7 Jamaican sportsmen for University Hall of Fame
MANY talented Jamaican athletes have, over the last five or six decades, received sport scholarships to United States colleges and universities to pursue studies, while competing in various collegiate athletic disciplines.
Of these Jamaicans, quite a few have won NCAA Division One Championship titles. Several have set records which have endured for many years before being matched or broken. Further still, only a handful of such talented student/athletes have seen their record stand the test of time, lasting for decades. One such record that was established a few months shy of 40 years, still stands today.
That happened with the invincible 1974 Howard University soccer team that recorded a perfect season’s record of 19-0-0. Since then, no other university/college soccer team has completed a season unbeaten or untied in the NCAA Division 1 Soccer Championships.
That team, the class of 1974, has been included among the list of inductees to be enshrined in the Howard University Sports Hall of Fame 2014 Class today in Washington, DC.
Seven Jamaican footballers were members of that historic record-setting 1974 Howard University soccer team.

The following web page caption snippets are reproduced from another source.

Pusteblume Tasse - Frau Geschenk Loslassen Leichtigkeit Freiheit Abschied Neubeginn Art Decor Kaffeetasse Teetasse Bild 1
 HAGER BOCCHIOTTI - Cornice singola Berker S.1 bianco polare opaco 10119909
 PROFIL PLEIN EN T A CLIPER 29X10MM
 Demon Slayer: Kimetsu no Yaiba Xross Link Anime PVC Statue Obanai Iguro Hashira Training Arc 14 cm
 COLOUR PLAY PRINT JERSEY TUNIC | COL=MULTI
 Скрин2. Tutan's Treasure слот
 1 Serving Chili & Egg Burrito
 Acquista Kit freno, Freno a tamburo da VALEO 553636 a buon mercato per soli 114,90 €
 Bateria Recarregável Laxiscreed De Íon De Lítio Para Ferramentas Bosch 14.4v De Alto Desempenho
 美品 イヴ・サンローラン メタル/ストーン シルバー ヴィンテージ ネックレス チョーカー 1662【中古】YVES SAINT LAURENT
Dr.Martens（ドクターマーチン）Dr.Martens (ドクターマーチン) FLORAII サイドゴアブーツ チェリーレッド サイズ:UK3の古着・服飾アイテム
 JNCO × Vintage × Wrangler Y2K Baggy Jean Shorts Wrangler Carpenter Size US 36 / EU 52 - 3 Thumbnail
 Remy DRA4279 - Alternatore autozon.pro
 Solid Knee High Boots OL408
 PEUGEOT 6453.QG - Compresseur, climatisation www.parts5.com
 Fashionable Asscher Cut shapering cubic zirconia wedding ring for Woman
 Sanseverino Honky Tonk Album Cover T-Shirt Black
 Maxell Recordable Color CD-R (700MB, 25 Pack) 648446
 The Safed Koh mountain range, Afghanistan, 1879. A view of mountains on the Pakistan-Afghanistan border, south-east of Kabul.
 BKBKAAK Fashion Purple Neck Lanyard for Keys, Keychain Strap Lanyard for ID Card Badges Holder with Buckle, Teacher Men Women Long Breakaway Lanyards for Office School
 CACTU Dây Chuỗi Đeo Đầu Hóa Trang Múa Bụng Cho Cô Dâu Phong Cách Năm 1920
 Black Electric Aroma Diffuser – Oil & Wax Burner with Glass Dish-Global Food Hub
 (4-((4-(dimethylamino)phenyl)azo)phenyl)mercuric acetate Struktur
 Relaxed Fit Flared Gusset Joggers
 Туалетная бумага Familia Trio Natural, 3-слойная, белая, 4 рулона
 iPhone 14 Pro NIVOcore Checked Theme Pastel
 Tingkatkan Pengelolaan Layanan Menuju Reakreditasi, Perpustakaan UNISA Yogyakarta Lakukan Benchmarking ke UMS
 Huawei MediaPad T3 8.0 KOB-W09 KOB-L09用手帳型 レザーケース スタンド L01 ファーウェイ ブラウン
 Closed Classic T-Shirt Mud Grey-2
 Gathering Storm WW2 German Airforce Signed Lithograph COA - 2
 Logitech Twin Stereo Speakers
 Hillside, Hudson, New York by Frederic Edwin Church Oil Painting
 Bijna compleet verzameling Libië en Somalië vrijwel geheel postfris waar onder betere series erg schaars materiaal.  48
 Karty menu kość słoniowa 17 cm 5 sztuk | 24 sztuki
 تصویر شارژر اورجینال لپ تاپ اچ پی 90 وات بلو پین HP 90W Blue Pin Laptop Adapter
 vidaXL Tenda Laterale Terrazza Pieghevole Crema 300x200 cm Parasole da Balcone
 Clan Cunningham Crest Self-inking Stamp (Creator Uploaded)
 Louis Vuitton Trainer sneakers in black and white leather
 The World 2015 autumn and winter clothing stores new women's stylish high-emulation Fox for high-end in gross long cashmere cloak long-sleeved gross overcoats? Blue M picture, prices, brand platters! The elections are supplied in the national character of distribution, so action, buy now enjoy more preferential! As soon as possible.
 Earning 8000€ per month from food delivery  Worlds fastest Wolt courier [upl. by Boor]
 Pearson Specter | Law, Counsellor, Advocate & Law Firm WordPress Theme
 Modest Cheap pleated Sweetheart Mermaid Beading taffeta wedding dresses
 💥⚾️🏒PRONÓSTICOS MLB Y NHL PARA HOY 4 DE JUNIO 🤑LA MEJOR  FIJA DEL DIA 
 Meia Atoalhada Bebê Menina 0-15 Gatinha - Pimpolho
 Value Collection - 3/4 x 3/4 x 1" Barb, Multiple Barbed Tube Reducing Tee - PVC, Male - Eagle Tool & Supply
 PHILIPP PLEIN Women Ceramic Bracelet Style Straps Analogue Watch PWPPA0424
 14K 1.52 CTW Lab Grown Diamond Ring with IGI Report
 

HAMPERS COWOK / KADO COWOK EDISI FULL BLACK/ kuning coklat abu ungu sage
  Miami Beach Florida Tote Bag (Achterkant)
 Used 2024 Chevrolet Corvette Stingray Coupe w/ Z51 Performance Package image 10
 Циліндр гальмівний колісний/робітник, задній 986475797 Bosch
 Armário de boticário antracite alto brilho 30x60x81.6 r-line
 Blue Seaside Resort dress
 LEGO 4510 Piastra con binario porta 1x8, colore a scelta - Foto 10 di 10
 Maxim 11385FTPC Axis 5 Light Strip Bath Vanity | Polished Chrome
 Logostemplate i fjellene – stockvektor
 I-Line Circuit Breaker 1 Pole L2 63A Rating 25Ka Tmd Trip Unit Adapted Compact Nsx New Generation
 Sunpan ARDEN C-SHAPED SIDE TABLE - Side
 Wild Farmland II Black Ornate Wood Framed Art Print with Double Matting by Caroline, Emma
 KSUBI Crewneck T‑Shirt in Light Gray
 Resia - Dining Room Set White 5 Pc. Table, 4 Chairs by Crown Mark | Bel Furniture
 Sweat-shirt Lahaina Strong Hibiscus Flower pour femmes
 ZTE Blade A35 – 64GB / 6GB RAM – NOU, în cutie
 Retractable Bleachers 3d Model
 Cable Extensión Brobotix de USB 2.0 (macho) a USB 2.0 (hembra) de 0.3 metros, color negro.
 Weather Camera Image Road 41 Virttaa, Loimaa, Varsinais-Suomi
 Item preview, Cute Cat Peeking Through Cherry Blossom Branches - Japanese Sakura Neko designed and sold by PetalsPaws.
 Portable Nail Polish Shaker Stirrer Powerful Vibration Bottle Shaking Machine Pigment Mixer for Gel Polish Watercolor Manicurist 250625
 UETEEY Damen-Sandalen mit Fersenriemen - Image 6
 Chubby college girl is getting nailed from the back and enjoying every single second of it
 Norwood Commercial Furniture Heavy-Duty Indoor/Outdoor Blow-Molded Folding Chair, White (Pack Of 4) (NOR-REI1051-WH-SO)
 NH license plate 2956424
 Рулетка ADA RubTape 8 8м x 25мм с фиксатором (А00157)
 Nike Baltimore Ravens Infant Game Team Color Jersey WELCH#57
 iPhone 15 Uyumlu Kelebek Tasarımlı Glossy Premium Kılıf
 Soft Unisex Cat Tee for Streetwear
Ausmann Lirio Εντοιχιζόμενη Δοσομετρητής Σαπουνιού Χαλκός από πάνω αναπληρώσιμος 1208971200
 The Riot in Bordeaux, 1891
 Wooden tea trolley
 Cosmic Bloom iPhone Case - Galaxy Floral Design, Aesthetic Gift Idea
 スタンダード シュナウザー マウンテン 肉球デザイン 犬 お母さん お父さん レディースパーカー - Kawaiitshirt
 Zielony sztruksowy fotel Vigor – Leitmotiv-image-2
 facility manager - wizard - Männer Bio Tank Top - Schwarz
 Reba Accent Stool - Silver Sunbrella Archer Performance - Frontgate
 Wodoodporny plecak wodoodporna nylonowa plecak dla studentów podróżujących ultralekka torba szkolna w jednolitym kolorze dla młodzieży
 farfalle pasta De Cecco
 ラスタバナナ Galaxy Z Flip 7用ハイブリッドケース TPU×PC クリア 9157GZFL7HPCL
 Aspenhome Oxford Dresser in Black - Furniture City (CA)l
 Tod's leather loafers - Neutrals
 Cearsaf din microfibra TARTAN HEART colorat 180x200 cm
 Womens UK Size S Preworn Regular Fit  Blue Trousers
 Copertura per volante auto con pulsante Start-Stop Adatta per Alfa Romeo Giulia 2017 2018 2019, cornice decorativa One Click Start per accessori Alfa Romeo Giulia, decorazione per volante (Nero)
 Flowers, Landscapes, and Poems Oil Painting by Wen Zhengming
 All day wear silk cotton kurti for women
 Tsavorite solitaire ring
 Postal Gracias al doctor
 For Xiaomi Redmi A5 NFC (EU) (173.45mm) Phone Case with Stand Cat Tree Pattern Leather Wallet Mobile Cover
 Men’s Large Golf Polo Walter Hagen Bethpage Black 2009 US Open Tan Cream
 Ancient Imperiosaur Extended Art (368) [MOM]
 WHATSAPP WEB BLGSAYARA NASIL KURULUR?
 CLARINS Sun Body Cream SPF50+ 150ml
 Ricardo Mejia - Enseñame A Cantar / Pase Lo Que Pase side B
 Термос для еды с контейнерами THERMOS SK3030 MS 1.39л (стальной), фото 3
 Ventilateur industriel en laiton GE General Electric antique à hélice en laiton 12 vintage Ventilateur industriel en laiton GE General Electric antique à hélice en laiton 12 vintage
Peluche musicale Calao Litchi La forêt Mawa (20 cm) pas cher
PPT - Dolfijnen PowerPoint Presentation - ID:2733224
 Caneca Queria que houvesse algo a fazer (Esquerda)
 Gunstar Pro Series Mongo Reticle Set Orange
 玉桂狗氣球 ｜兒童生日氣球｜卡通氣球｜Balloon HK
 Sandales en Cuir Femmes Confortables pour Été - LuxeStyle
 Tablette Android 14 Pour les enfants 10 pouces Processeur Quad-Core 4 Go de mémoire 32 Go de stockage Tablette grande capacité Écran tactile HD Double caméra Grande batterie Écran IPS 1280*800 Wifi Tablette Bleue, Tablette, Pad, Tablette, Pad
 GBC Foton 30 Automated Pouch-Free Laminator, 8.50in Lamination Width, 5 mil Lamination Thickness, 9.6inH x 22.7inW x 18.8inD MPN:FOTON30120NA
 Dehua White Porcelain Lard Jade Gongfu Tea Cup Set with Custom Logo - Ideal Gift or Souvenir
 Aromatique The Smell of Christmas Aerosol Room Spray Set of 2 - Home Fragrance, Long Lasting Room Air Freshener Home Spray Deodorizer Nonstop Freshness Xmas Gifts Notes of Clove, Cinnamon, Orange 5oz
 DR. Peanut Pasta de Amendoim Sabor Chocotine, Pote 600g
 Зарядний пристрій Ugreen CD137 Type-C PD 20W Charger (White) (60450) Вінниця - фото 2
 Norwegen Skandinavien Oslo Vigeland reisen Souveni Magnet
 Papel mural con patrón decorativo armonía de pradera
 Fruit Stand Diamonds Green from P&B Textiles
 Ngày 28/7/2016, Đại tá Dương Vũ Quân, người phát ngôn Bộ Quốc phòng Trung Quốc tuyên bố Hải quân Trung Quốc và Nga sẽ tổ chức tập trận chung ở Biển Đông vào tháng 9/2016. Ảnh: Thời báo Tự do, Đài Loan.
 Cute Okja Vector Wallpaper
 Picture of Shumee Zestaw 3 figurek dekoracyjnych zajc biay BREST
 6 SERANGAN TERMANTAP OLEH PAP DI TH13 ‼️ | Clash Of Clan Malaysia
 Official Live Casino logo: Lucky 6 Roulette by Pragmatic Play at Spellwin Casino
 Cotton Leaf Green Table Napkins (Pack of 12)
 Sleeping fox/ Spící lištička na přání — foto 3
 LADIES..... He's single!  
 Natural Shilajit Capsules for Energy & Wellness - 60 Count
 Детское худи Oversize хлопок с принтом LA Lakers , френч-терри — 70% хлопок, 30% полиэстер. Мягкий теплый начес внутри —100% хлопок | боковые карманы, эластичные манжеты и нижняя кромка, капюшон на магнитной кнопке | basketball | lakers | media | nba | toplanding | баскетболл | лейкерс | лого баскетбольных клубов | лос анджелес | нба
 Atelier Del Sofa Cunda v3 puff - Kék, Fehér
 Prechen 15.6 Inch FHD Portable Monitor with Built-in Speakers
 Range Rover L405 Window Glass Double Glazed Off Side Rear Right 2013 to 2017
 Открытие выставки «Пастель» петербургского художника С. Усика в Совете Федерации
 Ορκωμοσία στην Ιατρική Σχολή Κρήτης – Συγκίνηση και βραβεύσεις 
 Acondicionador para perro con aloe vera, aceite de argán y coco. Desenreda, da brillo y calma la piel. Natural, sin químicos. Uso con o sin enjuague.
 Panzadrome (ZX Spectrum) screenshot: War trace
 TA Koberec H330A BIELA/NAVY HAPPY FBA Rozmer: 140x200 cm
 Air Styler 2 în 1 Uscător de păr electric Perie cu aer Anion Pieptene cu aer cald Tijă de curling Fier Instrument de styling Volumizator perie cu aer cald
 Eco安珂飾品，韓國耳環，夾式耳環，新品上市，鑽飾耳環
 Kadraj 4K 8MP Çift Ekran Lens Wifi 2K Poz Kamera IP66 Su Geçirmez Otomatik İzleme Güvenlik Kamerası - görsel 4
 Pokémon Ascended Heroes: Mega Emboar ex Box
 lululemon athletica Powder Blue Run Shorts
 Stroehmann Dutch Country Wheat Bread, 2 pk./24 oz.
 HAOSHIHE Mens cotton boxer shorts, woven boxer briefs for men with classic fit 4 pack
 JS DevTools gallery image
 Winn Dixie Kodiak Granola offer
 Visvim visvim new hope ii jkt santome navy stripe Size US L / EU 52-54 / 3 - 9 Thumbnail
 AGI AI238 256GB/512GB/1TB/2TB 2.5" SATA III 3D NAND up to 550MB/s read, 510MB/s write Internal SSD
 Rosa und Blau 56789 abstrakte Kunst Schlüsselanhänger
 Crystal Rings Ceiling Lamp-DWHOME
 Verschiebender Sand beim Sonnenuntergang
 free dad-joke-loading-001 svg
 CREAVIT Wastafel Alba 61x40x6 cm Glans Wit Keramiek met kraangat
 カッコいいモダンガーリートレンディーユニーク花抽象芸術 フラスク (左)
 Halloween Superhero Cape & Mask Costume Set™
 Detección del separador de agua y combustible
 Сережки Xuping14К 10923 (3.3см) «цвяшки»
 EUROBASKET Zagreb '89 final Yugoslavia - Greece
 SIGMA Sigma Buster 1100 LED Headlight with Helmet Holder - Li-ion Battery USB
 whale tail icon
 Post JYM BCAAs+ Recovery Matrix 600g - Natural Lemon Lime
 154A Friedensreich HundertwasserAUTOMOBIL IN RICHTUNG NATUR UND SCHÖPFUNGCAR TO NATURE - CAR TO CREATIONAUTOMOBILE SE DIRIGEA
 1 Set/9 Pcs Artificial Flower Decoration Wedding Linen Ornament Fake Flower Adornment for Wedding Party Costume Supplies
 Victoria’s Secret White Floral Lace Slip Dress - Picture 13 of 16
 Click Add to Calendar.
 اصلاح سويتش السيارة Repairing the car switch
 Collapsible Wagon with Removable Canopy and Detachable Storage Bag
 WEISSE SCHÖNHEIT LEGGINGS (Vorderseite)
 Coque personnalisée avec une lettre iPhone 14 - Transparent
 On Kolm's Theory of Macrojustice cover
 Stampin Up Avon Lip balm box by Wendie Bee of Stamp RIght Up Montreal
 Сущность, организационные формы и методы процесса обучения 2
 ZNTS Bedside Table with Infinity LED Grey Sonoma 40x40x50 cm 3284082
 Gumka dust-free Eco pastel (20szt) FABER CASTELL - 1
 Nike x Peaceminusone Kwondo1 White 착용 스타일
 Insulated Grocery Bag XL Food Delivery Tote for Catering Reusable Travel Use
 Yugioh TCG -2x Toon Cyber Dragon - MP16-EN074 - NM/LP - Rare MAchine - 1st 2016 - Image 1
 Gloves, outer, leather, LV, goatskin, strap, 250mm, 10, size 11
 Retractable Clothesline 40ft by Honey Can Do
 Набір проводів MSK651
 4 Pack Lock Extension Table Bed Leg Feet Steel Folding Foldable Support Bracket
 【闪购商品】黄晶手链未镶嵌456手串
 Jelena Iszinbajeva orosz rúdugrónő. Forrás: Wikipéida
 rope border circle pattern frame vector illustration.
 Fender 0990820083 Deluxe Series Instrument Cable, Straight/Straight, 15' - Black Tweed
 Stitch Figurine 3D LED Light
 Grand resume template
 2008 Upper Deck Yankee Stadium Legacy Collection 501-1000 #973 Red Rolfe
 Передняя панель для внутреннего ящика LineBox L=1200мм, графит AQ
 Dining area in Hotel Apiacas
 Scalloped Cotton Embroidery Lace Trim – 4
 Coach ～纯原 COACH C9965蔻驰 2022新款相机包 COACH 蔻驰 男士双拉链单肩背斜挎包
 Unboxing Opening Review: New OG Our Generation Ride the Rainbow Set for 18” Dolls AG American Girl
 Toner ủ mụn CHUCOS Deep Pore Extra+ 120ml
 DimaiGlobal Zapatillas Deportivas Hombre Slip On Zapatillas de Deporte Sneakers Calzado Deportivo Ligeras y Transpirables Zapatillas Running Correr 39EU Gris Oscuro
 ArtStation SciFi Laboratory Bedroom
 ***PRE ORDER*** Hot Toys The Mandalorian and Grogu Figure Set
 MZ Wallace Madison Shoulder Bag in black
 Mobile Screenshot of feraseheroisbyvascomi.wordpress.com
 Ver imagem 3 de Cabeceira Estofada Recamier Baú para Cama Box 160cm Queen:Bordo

Notably, there was a pair of brothers among these seven ‘Yardmen’, and during their tenure at Howard, they both played significant roles on that team. One is Richard Davey, who represented Jamaica College, Wolmer’s Boys, Cavalier Football club and the Jamaica national team. The other is Michael Davey of St George’s College, Cavalier and Jamaica.
The five other Jamaicans included in that 2014 Hall of Fame class are Bertram Beckett (Excelsior and Cavalier); Mario ‘Zero’ McLennan (Kingston College, Boys’ Town and Jamaica); Lincoln Peddie (raised in England); Paul ‘Pep-up’ Pringle (Wolmer’s Boys and Santos football club); and Keith ‘Barnaby’ Tulloch (Wolmer’s Boys, Santos and Jamaica).
Brothers Richard and Michael started all four years for Howard in the team coached by Trinidadian Lincoln ‘Tiger’ Philipps. The Daveys contributed mightily to the Howard victory in the December 1974 Championship game, as documented in the Soccer America magazine in reporting on that historic final.
The magazine described Richard as the “architect” of the team who dribbled cunningly past several St Louis University players to actually “set-up the winning goal on a platter”. Tribute was also paid to the impenetrable defensive play of Michael, featuring him on the cover of that Soccer America magazine.
The entire Jamaica should feel especially proud that the island has produced two who have carved out such an incredible feat and one cannot help but wonder if the incomparable Usain Bolt’s records will withstand the test of time for as long as this record of these seven ‘Yardmen’.